Alors que dans le monde, les militaires entrent dans leurs états-majors et y restent, ou se défroquent pour faire de la politique s’ils ne peuvent vraiment pas résister à cette envie, chez les Arabes, les soldats décorés veulent en plus être adorés. Au canon de la baïonnette si besoin, mais adorés. Et il n’y a que chez les Arabes que cela se passe encore comme ça… Le général Omar el-Béchir, jadis génocidaire, sera resté au pouvoir 30 longues et interminables années, et le général Ahmed Gaïd Salah aspire à au moins l’égaler, même s’il navigue aujourd’hui en pleine tempête, ce que sa silhouette peu martiale ne permet pas vraiment.
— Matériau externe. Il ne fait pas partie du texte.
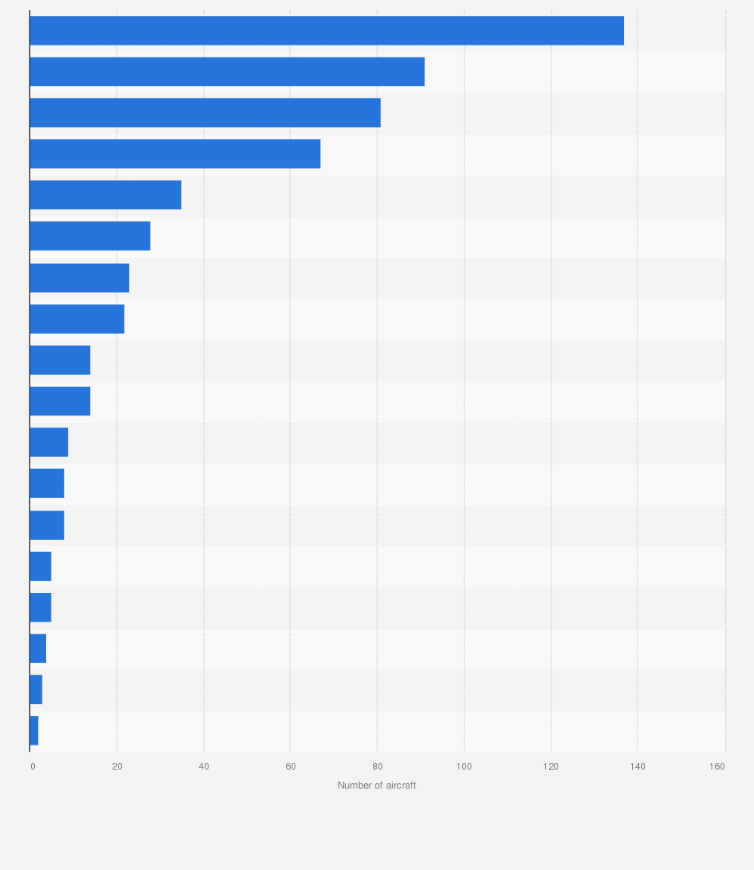 Statistic: Number of fixed-wing aircraft in the Royal Air Force and other Armed Forces of the United Kingdom as of 2024, by type
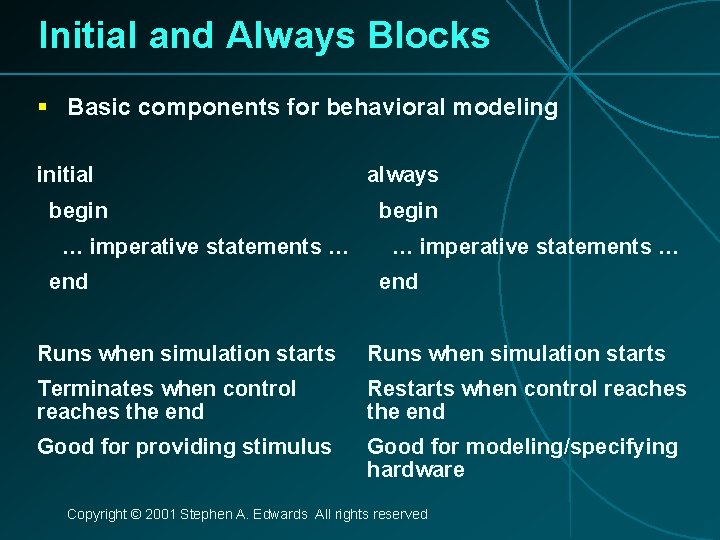 Initial and Always Blocks § Basic components for behavioral modeling initial begin … imperative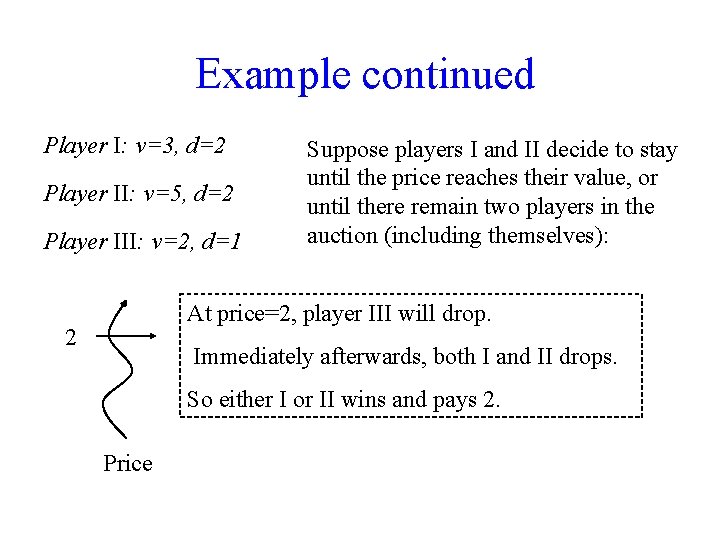 Example continued Player I: v=3, d=2 Player II: v=5, d=2 Player III: v=2, d=1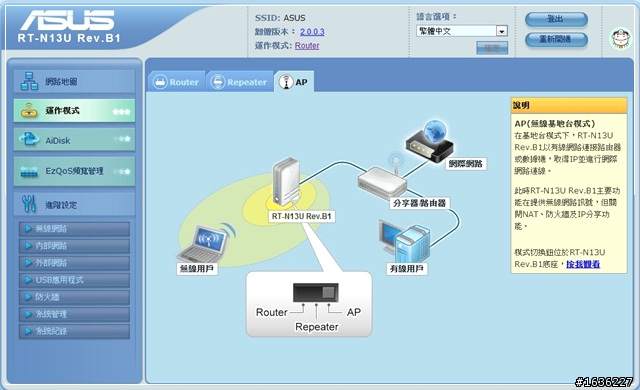 ASUS RT-N13U入手心得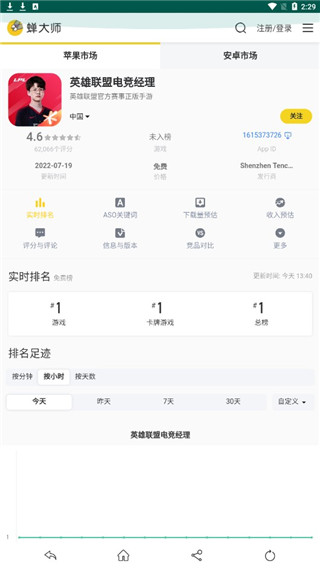 蟬大師流水查詢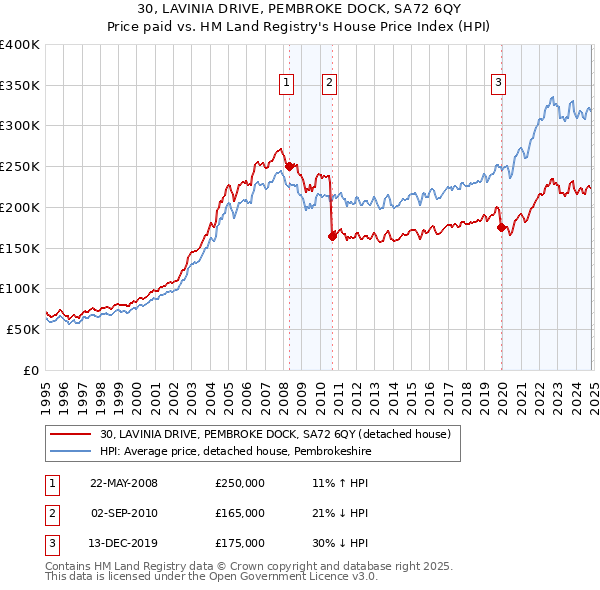 30, LAVINIA DRIVE, PEMBROKE DOCK, SA72 6QY: Price paid vs HM Land Registry's House Price Index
Toujours dans la région, puisque toujours chez les Arabes, les maréchaux. Dans la tradition militaire des pays civilisés, maréchal n’est pas un grade, mais une distinction qui honore un général victorieux. Las… Ni le maréchal Abdelfattah al-Sissi ni son voisin le maréchal Khalifa Haftar n’ont jamais réellement...

gagné quelque chose, en dehors de beaucoup d’argent et du mépris général des vrais soldats.

Comme la loi marocaine interdit de s’en prendre à des chefs d’Etat étrangers, nous ne dirons que le plus grand bien du maréchal al-Sissi, dont la popularité ne fait aucun doute : les Egyptiens viennent d’adopter « sa » constitution, qui le fera tenir jusqu’en 2030. 88,8% des gens ont hurlé leur oui franc et massif, mais on dit que 11,2% sont activement recherchés depuis hier en Egypte.

Quant au général algérien Gaïd Salah, il est l’exemple même du démocrade… et il comprend vite, quitte à changer de posture tous les mardis. Au début, il a copieusement engueulé le peuple, avant de se rétracter et de pousser le président stagnant vers la sortie, puis d’appeler à des élections, et ensuite de réveiller Dame Justice, aveugle au sens premier du terme. Plus chamarré et édulcoré que décoré, il se rêve en al-Sissi (tenir jusqu’en 2030, que du bonheur…) et espère toujours une guerre qui le fera héros, lui qui a acheté six sous-marins aujourd’hui engloutis dans une mer infestée par les (vrais) sous-marins russes, américains, chinois…

El-Bachir est aujourd’hui en prison, al-Sissi continue d’envoyer des gens en prison, Haftar a perdu la raison et Gaïd Kalakh croit avoir raison. Mais au final, ce sont les peuples qui auront raison de tous ces militaires à la pensée élémentaire.